# TASK DESCRIPTION:
With the pictures left out, transcribe exactly the lines from the one with "Moradia T5 para" through the end of the data.
##### DATA SHOWN
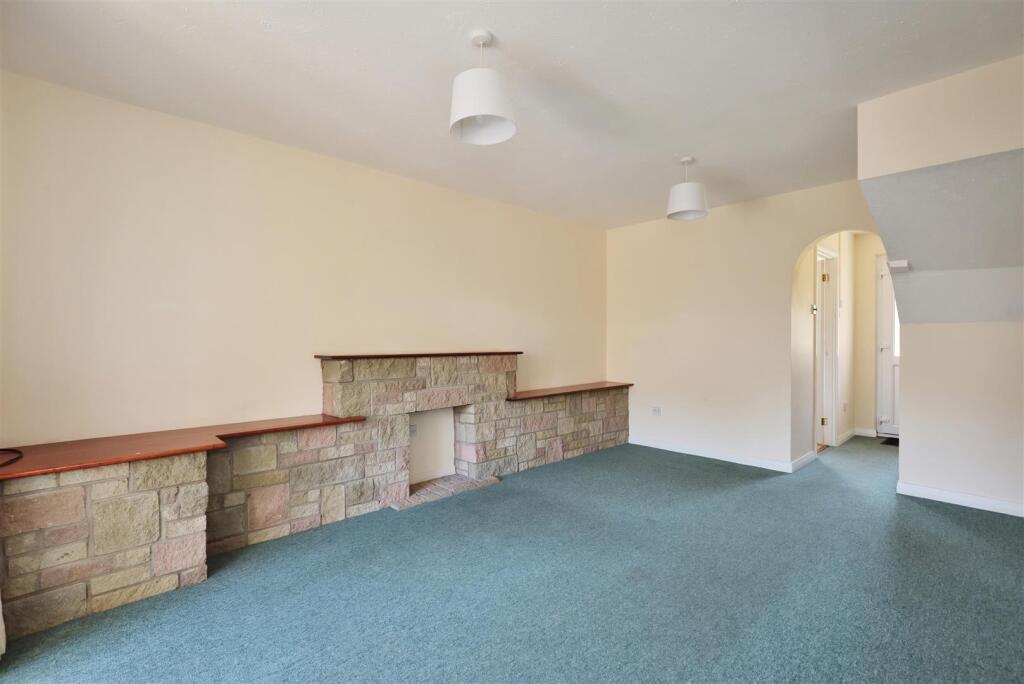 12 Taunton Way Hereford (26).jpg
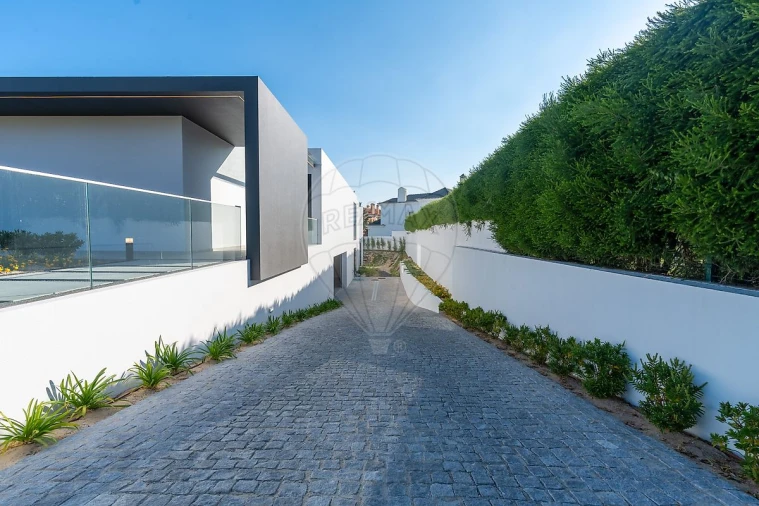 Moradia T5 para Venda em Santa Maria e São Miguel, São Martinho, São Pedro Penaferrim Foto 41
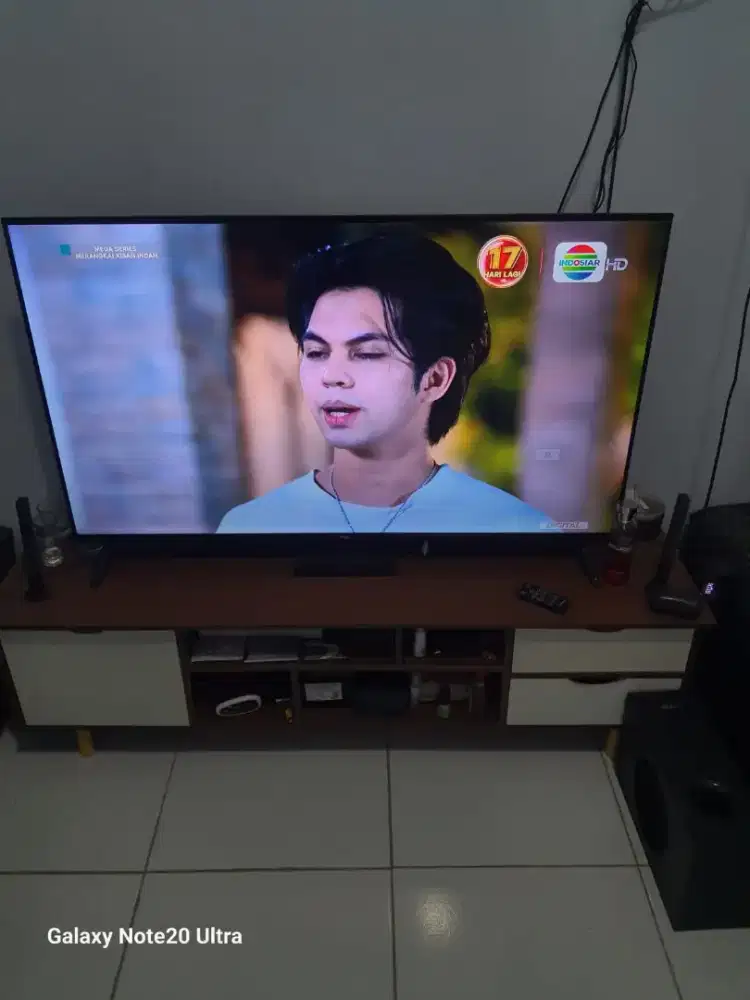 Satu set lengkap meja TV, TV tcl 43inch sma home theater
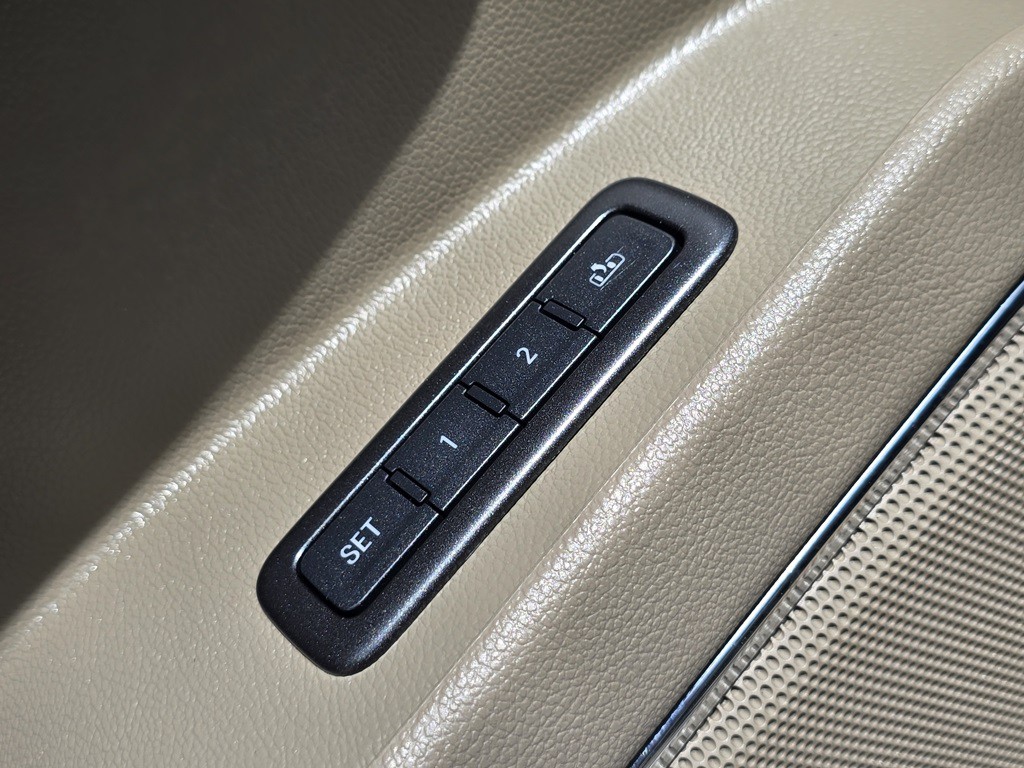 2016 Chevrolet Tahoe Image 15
##########
# RESULT:
 Moradia T5 para Venda em Santa Maria e São Miguel, São Martinho, São Pedro Penaferrim Foto 41
 Satu set lengkap meja TV, TV tcl 43inch sma home theater
 2016 Chevrolet Tahoe Image 15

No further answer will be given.